Sunday, June 28, 2015

What next to reform grand juries now that pick-a-pal is no more?

With Texas eliminating its pick-a-pal grand jury system during the 84th legislative session and Alfred Brown walking off of death row a free man following revelations of grand jury misconduct, I asked Amanda Marzullo, Policy Director for the Texas Defender Service, to visit with me about the implications of Texas' new reform and what remains to be done. Listen to the interview below and find the full conversation transcribed below the jump.

Texas Grand Jury Reforms: Next steps now that pick-a-pal is no more 

Scott Henson:       This is Scott Henson with a Grits for Breakfast podcast recorded on June 26, 2015.  I am here today with Mandy Marzullo who’s the Policy Director at the Texas Defender Service.  Thank you, Mandy, for coming to chat with me today.

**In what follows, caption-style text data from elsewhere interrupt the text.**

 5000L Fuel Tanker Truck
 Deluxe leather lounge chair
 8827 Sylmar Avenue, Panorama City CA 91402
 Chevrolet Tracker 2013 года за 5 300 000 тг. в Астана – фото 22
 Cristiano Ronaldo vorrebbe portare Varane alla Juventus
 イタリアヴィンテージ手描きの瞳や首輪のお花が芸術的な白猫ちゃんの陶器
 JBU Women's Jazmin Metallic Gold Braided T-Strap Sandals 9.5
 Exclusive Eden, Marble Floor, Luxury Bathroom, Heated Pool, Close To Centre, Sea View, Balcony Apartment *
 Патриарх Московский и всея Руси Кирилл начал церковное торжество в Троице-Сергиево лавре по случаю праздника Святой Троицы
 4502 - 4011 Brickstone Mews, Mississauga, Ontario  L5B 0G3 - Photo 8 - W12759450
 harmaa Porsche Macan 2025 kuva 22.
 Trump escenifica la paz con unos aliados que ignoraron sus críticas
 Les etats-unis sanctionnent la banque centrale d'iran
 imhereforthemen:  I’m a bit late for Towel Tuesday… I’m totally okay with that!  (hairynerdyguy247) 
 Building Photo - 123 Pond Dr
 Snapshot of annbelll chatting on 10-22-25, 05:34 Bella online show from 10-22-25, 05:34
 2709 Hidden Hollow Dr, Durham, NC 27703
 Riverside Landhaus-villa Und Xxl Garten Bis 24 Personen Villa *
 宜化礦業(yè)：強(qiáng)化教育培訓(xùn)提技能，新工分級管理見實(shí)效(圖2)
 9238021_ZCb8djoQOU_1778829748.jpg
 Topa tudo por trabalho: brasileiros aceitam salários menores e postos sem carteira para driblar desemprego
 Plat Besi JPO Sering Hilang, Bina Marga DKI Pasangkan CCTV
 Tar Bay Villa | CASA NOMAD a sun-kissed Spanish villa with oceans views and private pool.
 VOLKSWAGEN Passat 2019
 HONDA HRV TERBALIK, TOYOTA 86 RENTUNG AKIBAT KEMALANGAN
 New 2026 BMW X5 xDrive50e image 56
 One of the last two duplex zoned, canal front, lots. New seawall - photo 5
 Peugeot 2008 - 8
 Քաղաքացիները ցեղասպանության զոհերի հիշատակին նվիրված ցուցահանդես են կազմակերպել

Mandy Marzullo: No, thank you Scott.  I’m happy to be here.

Scott:                    All right.  Well, I asked Mandy to come and talk to us about Texas’ new grand jury reform legislation.  It was House Bill 2150, this session passed by Carol Alvarado in the House and John Whitmire carried it in the Senate.  This bill eliminated the key-man system for selecting grand juries and has grand juries, henceforth, selected through the same jury wheel that they’re selected for petit juries.  So, Amanda, tell us why we did this.  What spurred them to make this change this session?  Why did this become such a big deal?

Mandy:                 Thank you, Scott.  So, I guess the big problem with the grand jury commissioner system, there are sort of two that kind of dovetail with each other.  The first is that it produces grand juries that are really representative of the judge’s, or the presiding judge’s, social circle and not of the community at large.  The way the system works is that a judge will appoint somewhere between three and five jury commissioners who will then go out and recruit people to serve on a grand jury. Obviously there is always selection bias, but in this instance, there’s severe selection bias.  So, they found that when you’re dealing with— It produces grand juries that are entangled with law enforcement: ex-law enforcement officers, if not sitting ones, ex-DAs, people who are affiliated with the local government.  And it leads to the underrepresentation of minorities.  This really came to light in the Alfred Brown case out of Harris County where a grand jury was empaneled via the commissioner system.  Under Texas law, previously, judges had the option to use grand jury commissioners or to draw grand jurors from the wheel at large.  What the bill did is it just said everybody’s got to be empaneled through the random selection process.  In the Alfred Brown case, you were dealing with a situation where the defendant basically had an alibi, and a witness, his girlfriend, was testifying before the grand jury to confirm that she saw the defendant at her apartment the morning when the alleged murders took place and that he called her from the apartment at a time when he was supposed to be elsewhere.  And the grand jurors were sort of skeptical of this and threatened her, and the transcripts reflect, you know, “As reported by Lisa Falkenberg,” that they were even threatening her with the loss of her children, potential perjury.  It turns out that she was prosecuted for perjury in the case and eventually recanted her testimony.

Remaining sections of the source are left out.